JOURNAL TOPIC: [today's tunes: Fela Kuti's "Teacher Don't Teach Me No Nonsense"]

What is your favorite music? How would you describe it to a deaf person?

AGENDA:
1. Journal
2. "Richard Cory" LIVE: shift, voice, theme, genre
3. Treasure hunt

HW:
1. For tomorrow: "The Right to Your Opinion" and "Richard Cory"

Wednesday, August 13, 2014

"i never learned to read!"

You know, as much as we talk about reading, it's easy to overlook the fact that some of us didn't grow up with books and occasionally have a hard time with the basics.

Consider poor Wayne:




So, how do you know how well you can sound out words and get through a text without mistakes?

Here's how:
1. Watch the video below;
2. Get a copy of Fox in Sox by Dr.
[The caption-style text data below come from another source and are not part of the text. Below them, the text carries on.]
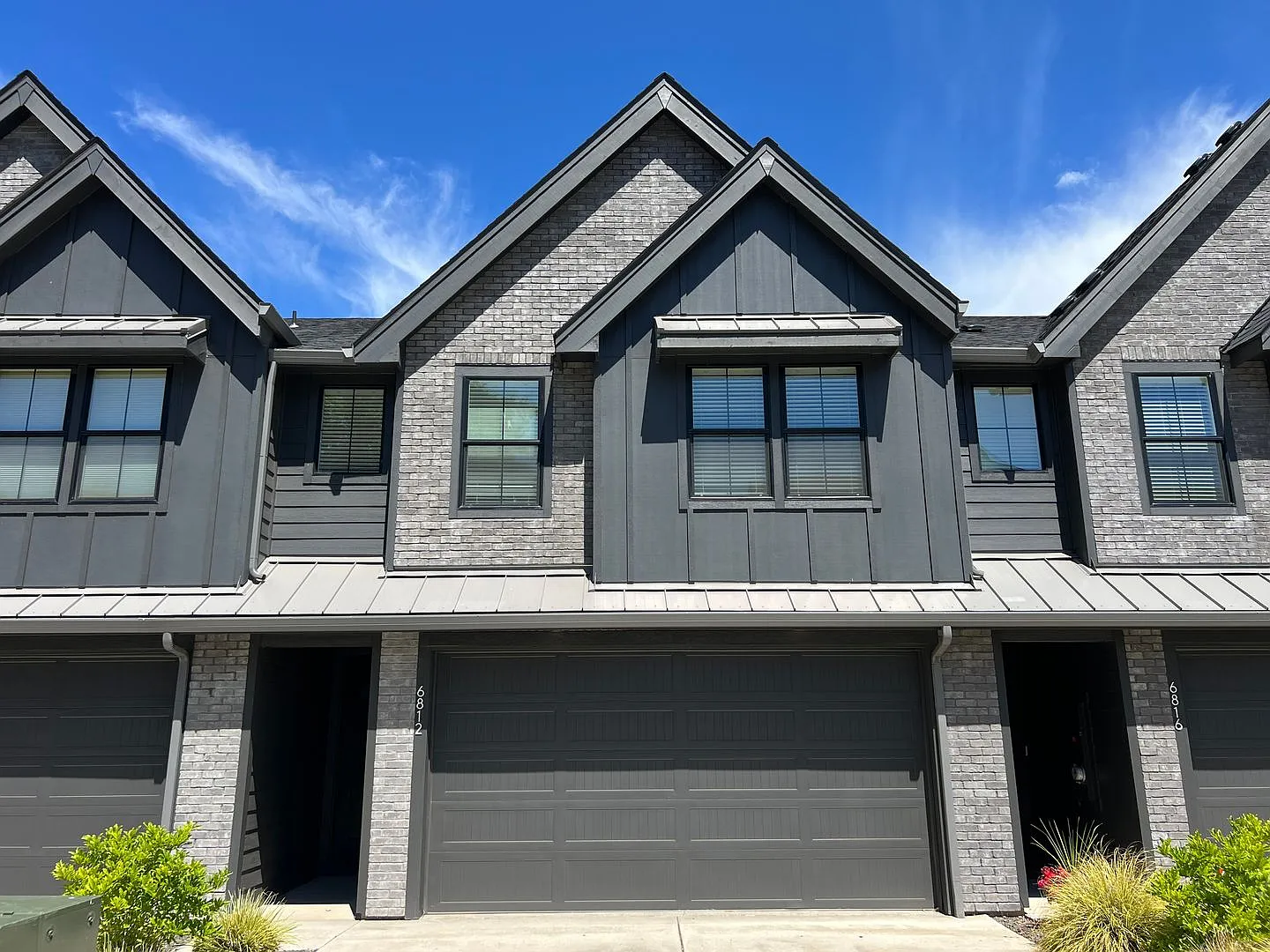 Luxury Townhome for Lease at the Courtyards at Hidden Crest - 6812 NE 131st Way — Photo 1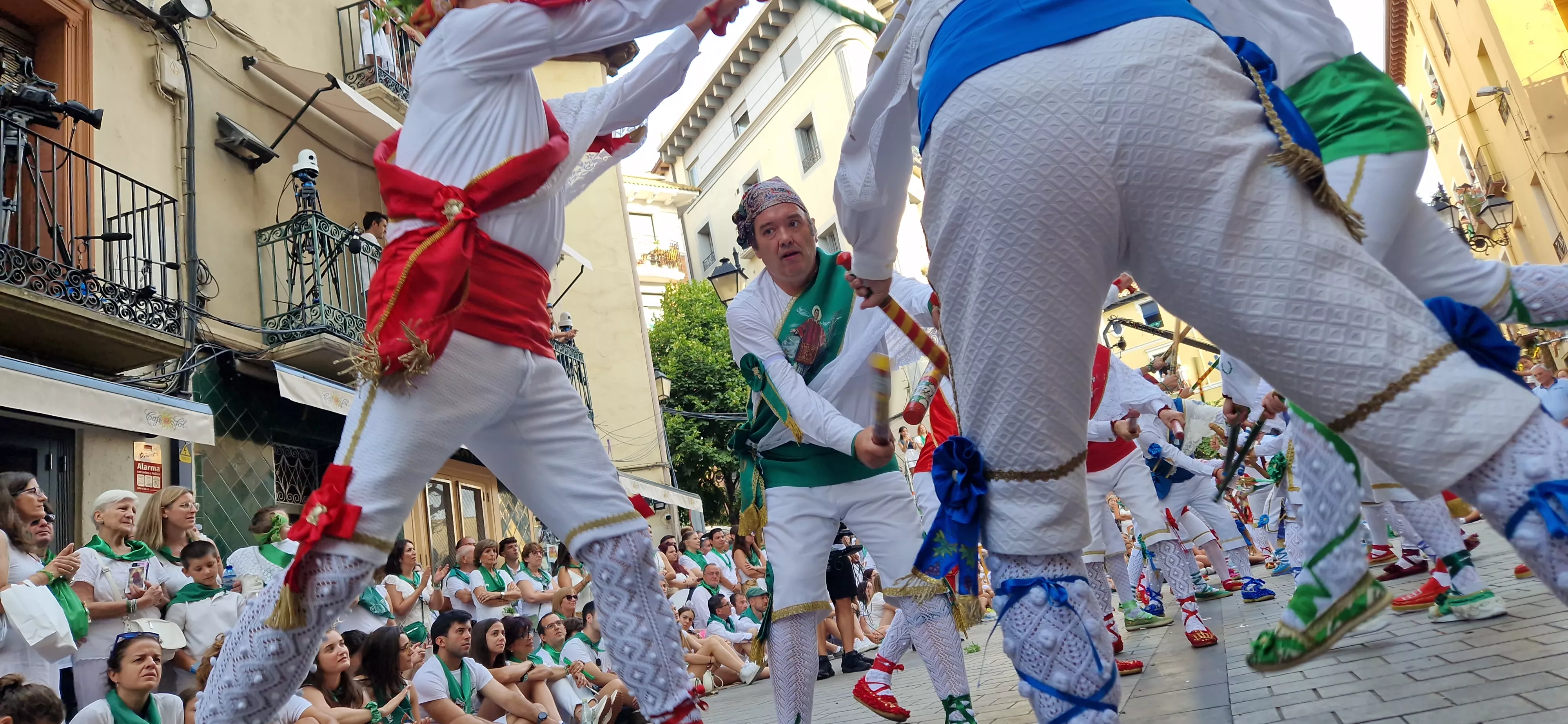 Actuación de los Danzantes en la plaza de San Lorenzo. Foto Myriam Martínez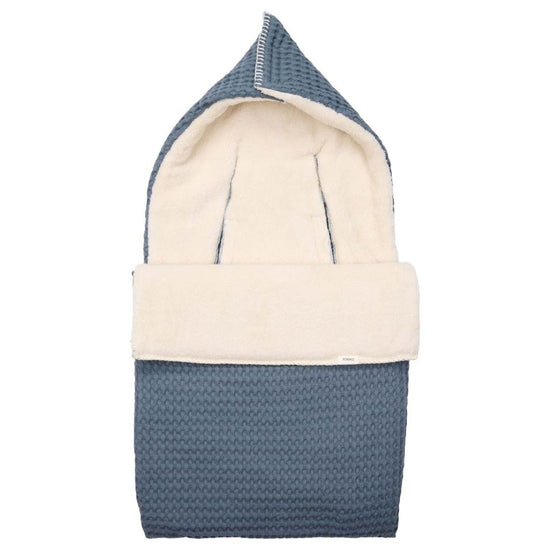 https://www.vanastenbabysuperstore.nl/media/catalog/product/1/8/1801210097_1_voetenzak_koeka_wafel_oslo_teddy_bluestone.jpg
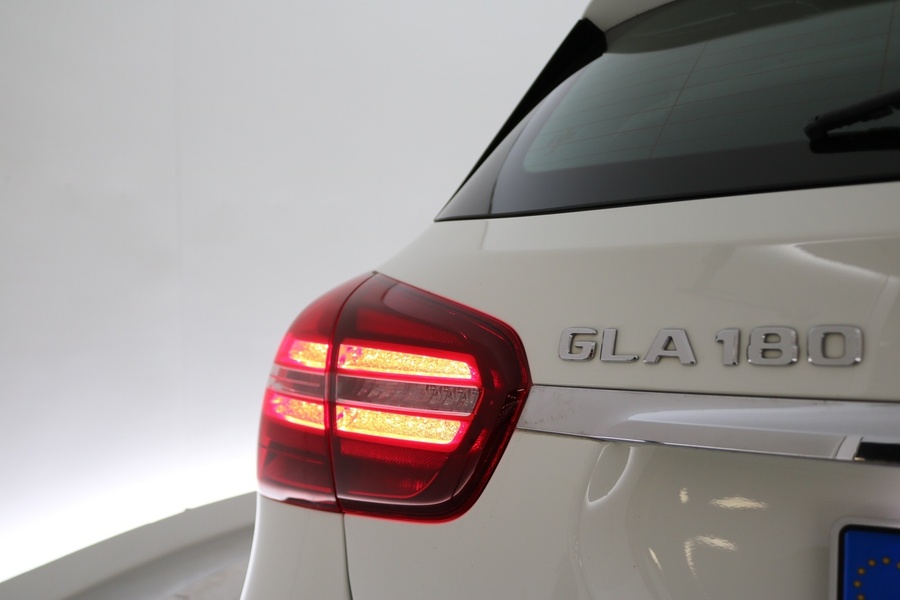 Mercedes-Benz GLA vaihtoauto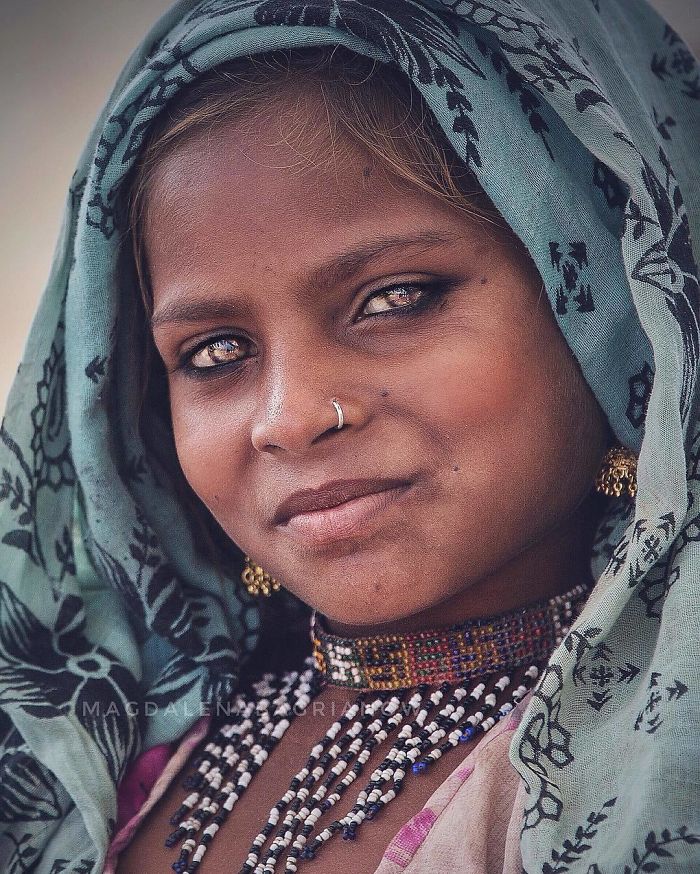 Beautiful Indians 09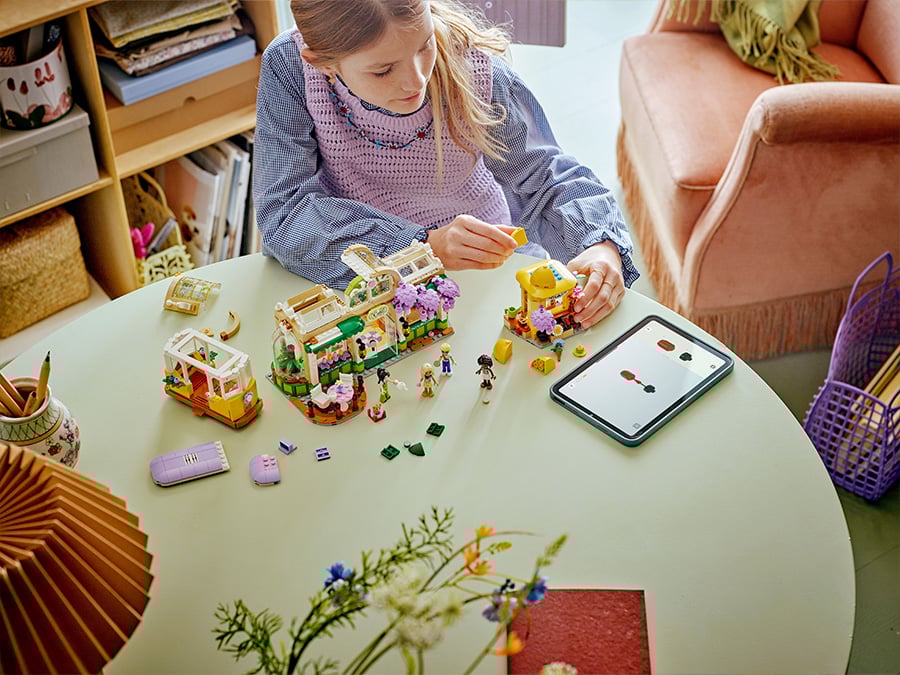 LEGO Friends Zielona kawiarnia i kwiaciarnia 42671 składanie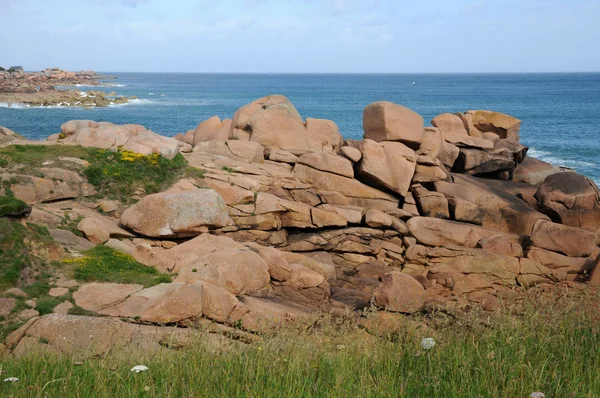 Brittany, pink granit rocks in Ploumanac h — Stock Photo, Image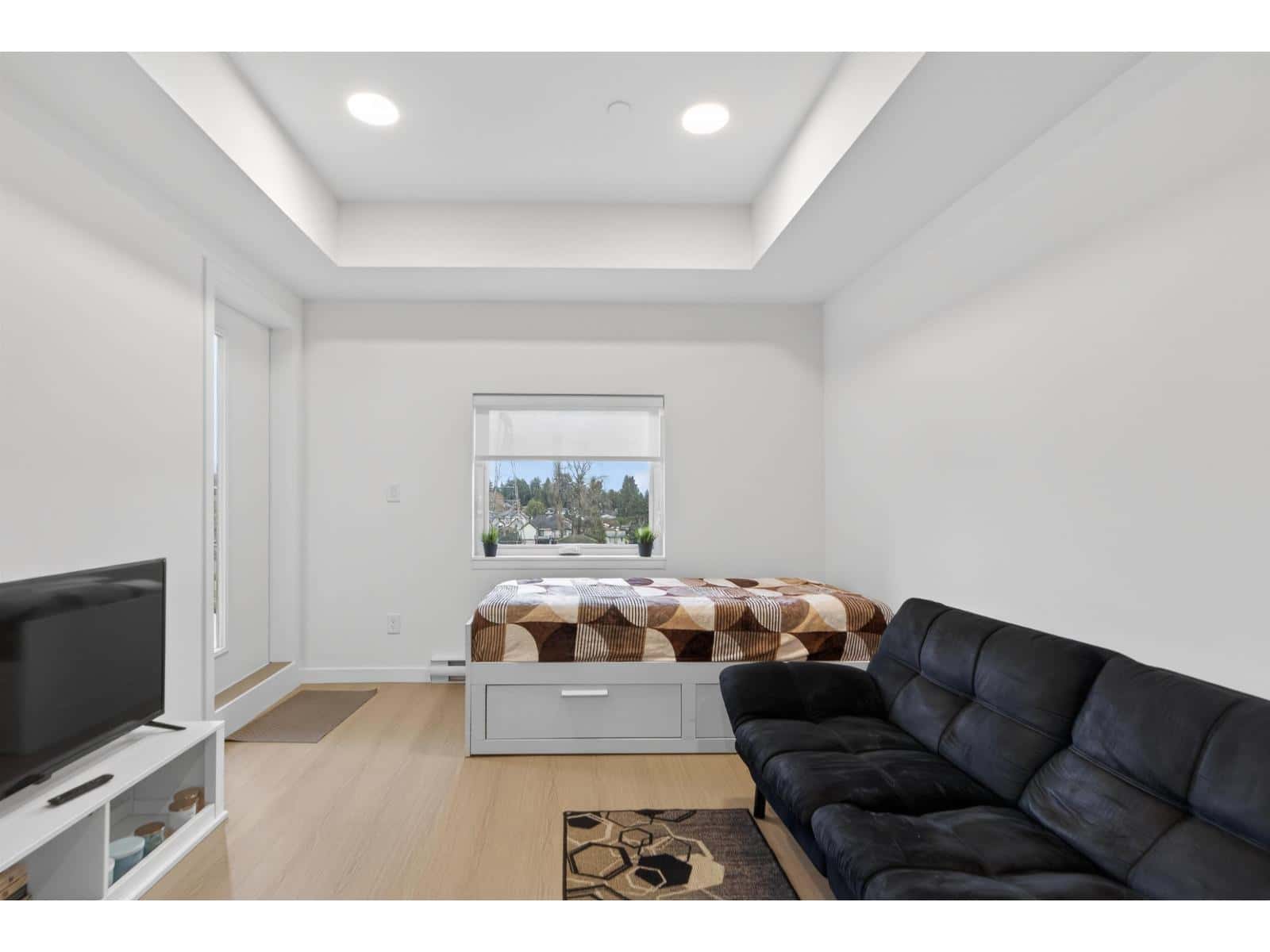 E512 10829 140 STREET — Surrey, British Columbia - Photo 2 of 25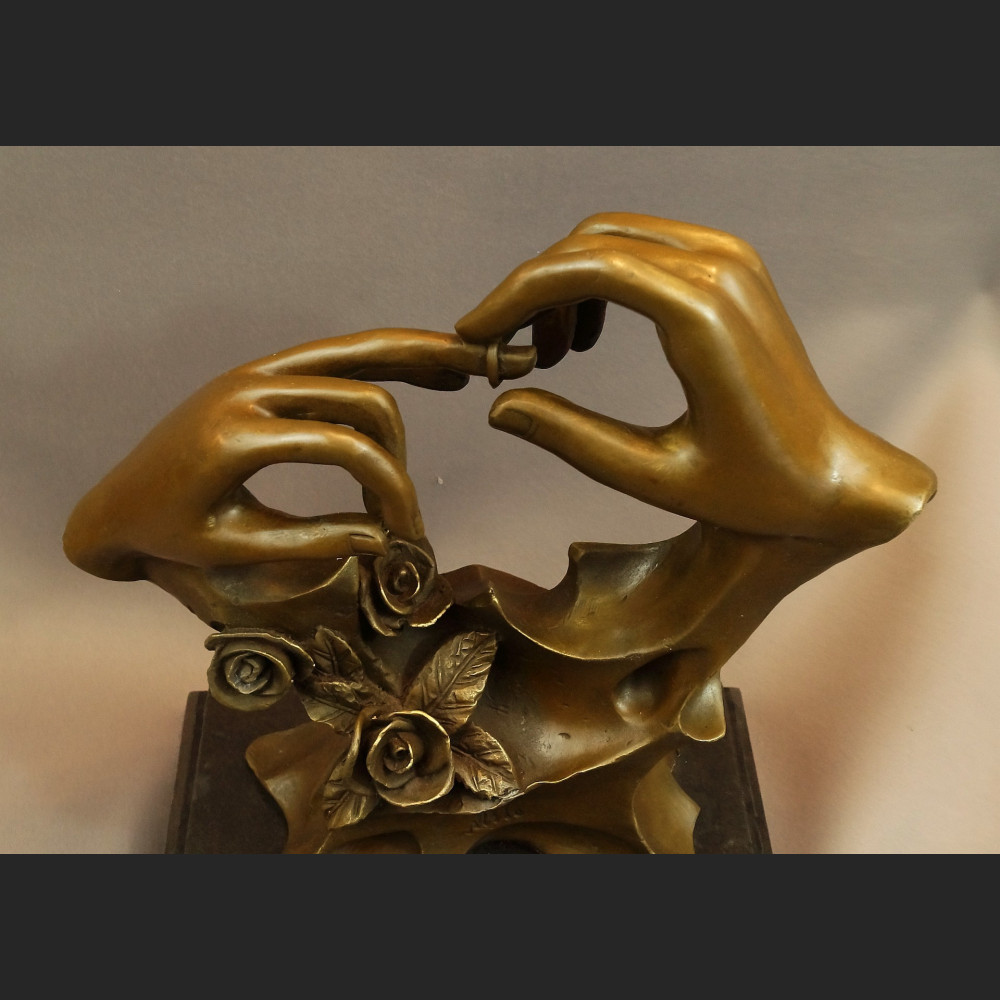 Rzeźba z brązu prezent ślubny Ręce z obrączką Rzeźba z brązu prezent ślubny Ręce z obrączką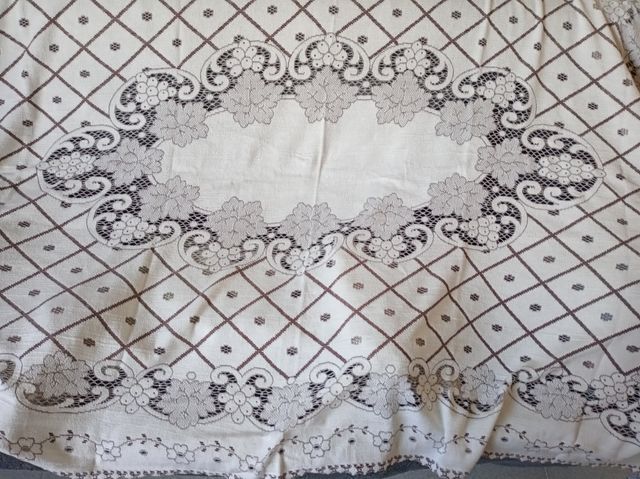 Mantelería 260x140 y 12 servilletas a juego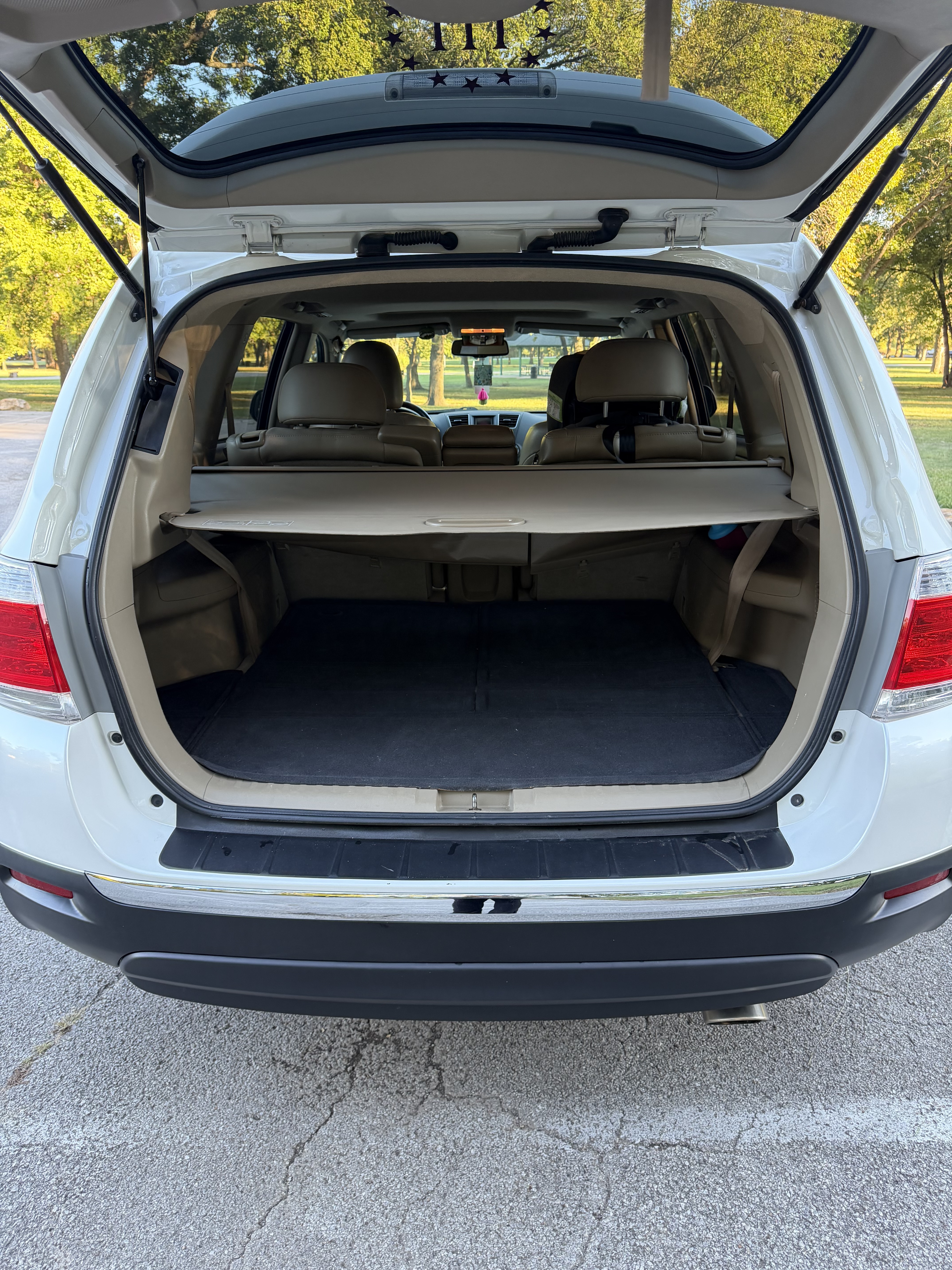 Used 2012 Toyota Highlander Limited w/ Tow Pkg FWD image 19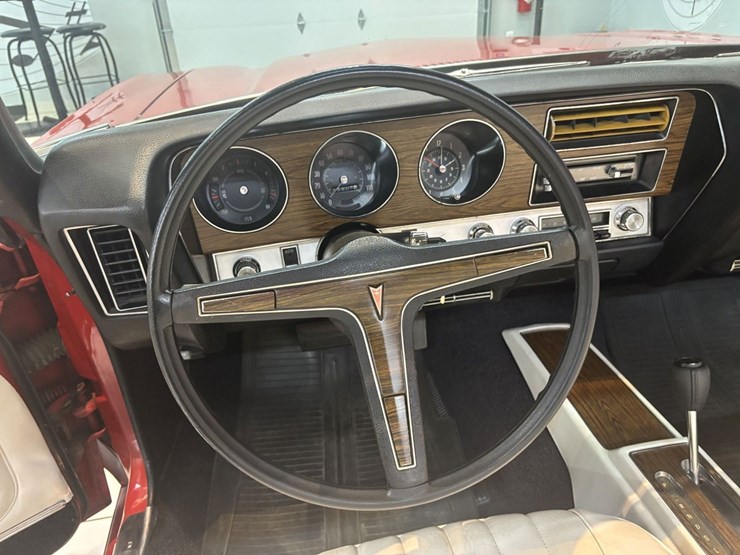 #1877-•-1972-pontiac-lemans-convertible-image-42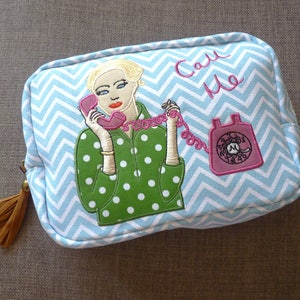 Call Me! Grande Bolsa de Cosméticos Chevron *venda*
Seuss;
3. Set up a phone or a camera (or get a friend to help);
4. Read the book as fast and as well as you can;
5. Record your time and the number of mistakes you make;
6. Compare your numbers with mine.  Don't forget to count my mistakes--I just learned that I've been mispronouncing the author's name my whole life!
7. Post your video and your stats on your blog under the heading I CAN READ!

UPDATE: In reply to questions from the email bag...
  • If you're having trouble finding the book, here is the text without the pics. 
  • My reading was a one-take job, but yours doesn't have to be.  You can practice all you want before posting your best effort.
  • To earn course credit you must post I CAN READ! by 11:59 P.M. Sunday, August 17. (Bonus for add'l. renditions with friends/relatives :)


Tuesday, August 12, 2014

big questions

Our minds are naturally inclined toward associative and interdisciplinary thinking.  We connect the dots in all sorts of ways, often when we don't fully comprehend the experience (and sometimes when there aren't even any dots).  

We have questions about the nature of the world: our experience of it, our place in it, our relationship to it, what lies beyond it, and everything else.  When we're young we ask questions all the time.  We are insatiably curious.  It's like somehow we intuitively understand that the more we learn the better we get at everything--including learning.  We don't worry about curricular units or standards.  We have no test anxiety.  We test ourselves all the time.  We love risk and we don't care if we fail.  It's always somebody else who's saying, "Hey, come down from there, you're going to get hurt!"* [*Often, they're right.  In any case they're probably more experienced in estimating the odds of that was fun didn't hurt vs. itchy leg cast for a month outcomes.  But sometimes you just KNOW you can do it and it's frustrating to be told you can't.  Pushing the edge is what learning is all about.** {**As a teacher/responsible adult I must explicitly remind you to do this (i.e., learn/push the edge/create new neural pathways in your brain that actually change your mind) in ways that will not break laws or harm any sentient beings-- most especially you-- or offend, irritate, annoy, upset, or anger your parents.***} <***If you think this is a lot of footnotes, or whatever we're calling the blogger's equivalent, you should read David Foster Wallace (especially Infinite Jest).  In fact, this is the perfect time for you to consider his commencement speech (which doesn't contain footnotes, but does contain the sort of wisdom that more people should hear while there's still time to do something about it.).  At any rate, if you're still following this sentence you'll do fine in this course.>}]  Not only do we love climbing learning limbs when we're young, we know it's what we're best at.  Most of us learn whole languages best between the ages of 5-12.  Our amazing brains manage the torrential inflow by creating schema

We have every incentive to accelerate and amplify our learning as we age.  Our future is increasingly complex and uncertain.  Our culture and economy favor those in the know.  Learning is increasingly your responsibility as individuals.  You're becoming more independent; in about a year you'll be heading off to college, where your professors may not know you exist and definitely won't care how you organize your binder.  As if all that isn't motivation enough for you to get your learning on, it turns out that not learning may actually be bad for you.  We form new neurons and connections in our brains when we learn.  Scientists are investigating whether the lack of new neuron formation is a cause for depression or an interfering factor in recovery.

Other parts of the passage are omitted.